While the technology is different, the principle is the same. Slip, react, transfer, grip.
AWD is grip, slip, react, transfer and increase grip. That's why all the sophisticated sensing in the world will not replace having the grip in the first place.
Instead of using a limited slip diff or viscous coupling that solidifies to transfer power, the Sequoia system instead grabs a brake disk wherever slippage occurs and forces it across the open diffs to a corner where its not slipping.
Curious that if Sequoia delivered equal power to all four corners unless slippage occurred they would certainly promote that fact. I still believe the absence of any torque distribution data on the Sequoia system places it into the same category as other full-time 4wd systems that transfer torque but don't provide any torque distribution data because it remains a 0/100% fr/rear until needed and then its transferred.
I would be very open to any data which would clarify the matter.
Unless is does have differing drive ratios F/R, something I simply don't know.
It was the owners manuals I ordered and yes they did come in, finally. Dealer shipped the first set to another west.
Posi-diffs were the next step in forcing the power to both rear tires. Limited slips were the next stage of development to disperse the torque mechanically.
The Sequoia seeks to bypass the mechnaical linkage in favor of electronic braking to prevent a tire from slipping and in essence force the torque across the drive shaft, and through the open diff to a wheel thats not slipping.

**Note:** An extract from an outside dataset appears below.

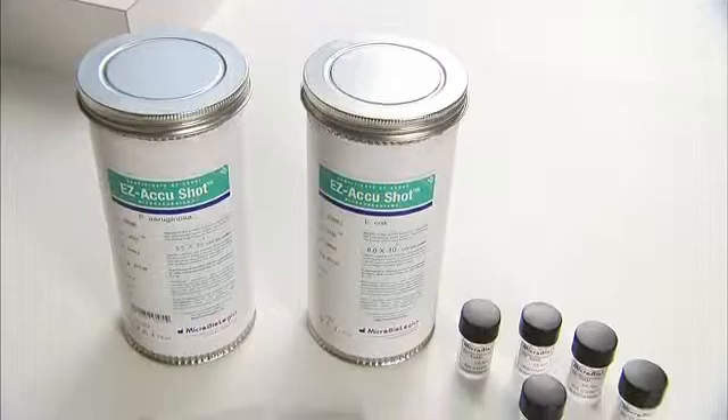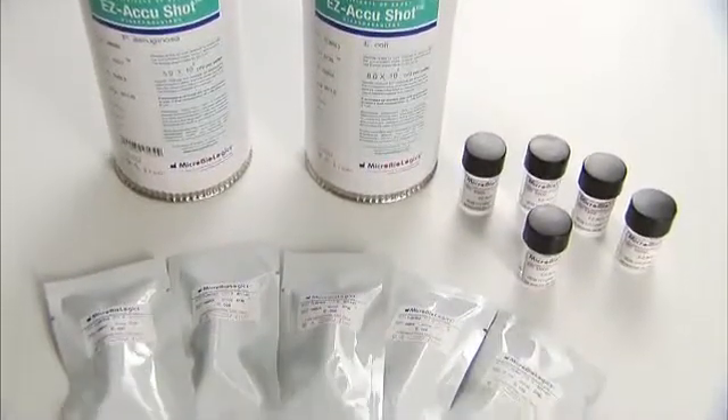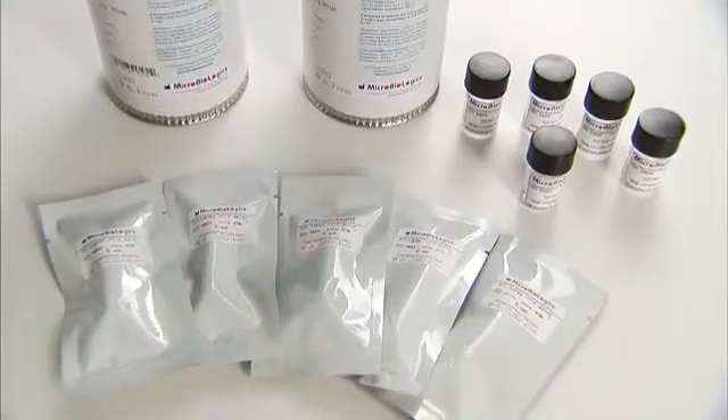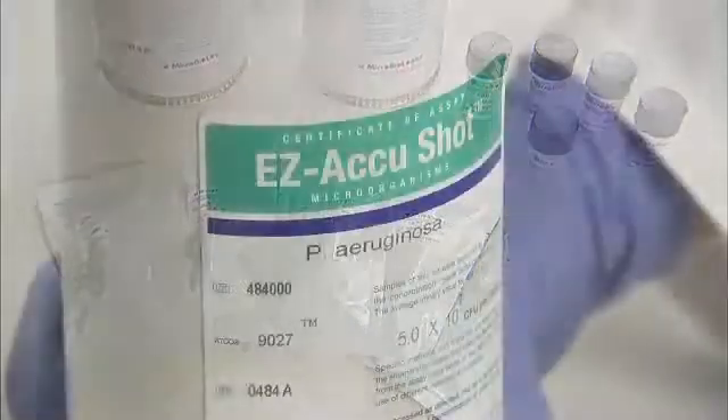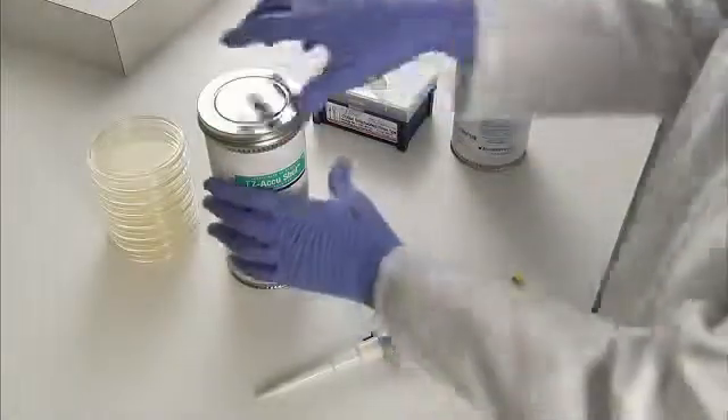Easy AccuShot includes 5 vials of quantitative microorganism with 1 lyophilized pellet in each vial, 5 vials of hydrating fluid, and a peel off certificate of assay for easy documentation.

My question is, if you could rev the engine hard enough would all four tires leave "burn-out" marks on the road? I don't know the answer, but in order to understand the traction of the Sequoia under normal road conditions, you have to know the amount of torque designated under dry conditions. Its my contention, that in the absence of data suggesting otherwise the electronic system in the Sequoia preserves all the torque on the rear tires unless traction is lost. Then it is transferred forward.
If that were not the case, its also my contention that Toyota would have called their system AWD which they have not.

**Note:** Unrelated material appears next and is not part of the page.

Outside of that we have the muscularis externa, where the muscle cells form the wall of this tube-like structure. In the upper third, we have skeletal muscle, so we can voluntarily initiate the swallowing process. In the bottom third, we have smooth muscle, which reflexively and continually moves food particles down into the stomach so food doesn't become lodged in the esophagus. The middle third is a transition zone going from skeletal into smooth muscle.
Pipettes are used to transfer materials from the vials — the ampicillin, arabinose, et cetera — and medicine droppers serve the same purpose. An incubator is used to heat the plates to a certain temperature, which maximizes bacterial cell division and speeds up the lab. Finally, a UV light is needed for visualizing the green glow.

cliffy: describe the Land Cruiser system for me again and I'll give my spin on it
A link on open diffs:
http://www.howstuffworks.com/differential5.htm
You'll find that in their description they have a thorough description of how the Hummer system works and its advantages. You should note that the significant difference between the Hummer Electronic Traction 4wd system and the Sequoia system, is the lack of Torsen Diffs in the Sequoia.

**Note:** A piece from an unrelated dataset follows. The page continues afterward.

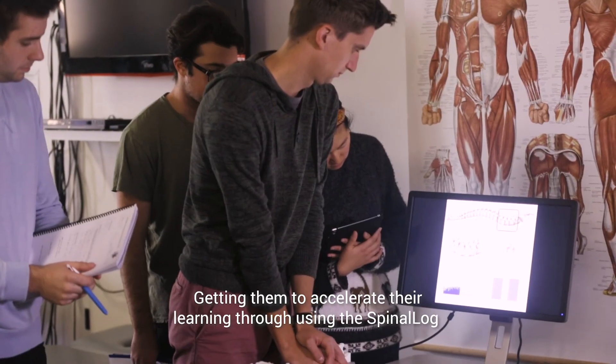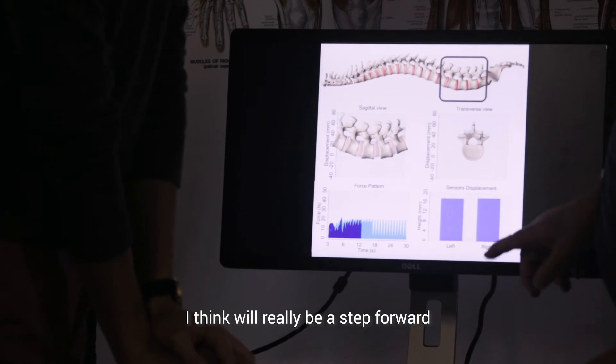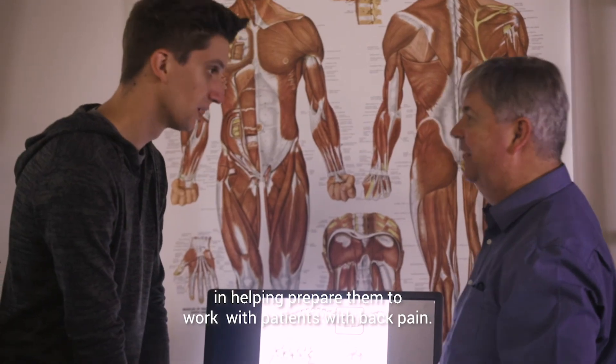Getting them to accelerate their learning through using the spinal log will really be a step forward in helping prepare them to work with patients with back pain.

I think after reading their description you'll have better understanding of why I believe the Sequoia system is a very "reactive" system due to its open diffs combined with electronic traction control.
The grinding noises and loud pump sounds are the reaction of the electronic traction control and transfer of torque due to slippage sensed by the system. Had there been Torsen diffs in the Sequoia, the likelihood of torque transfer would have been greatly reduced and the need for much of the unusual sounds coming from the Sequoia's 4wd system would have only occurred under extreme slippage.
As it is currently designed, open diffs will result in slippage and reaction more frequently than in a system w/o open diffs.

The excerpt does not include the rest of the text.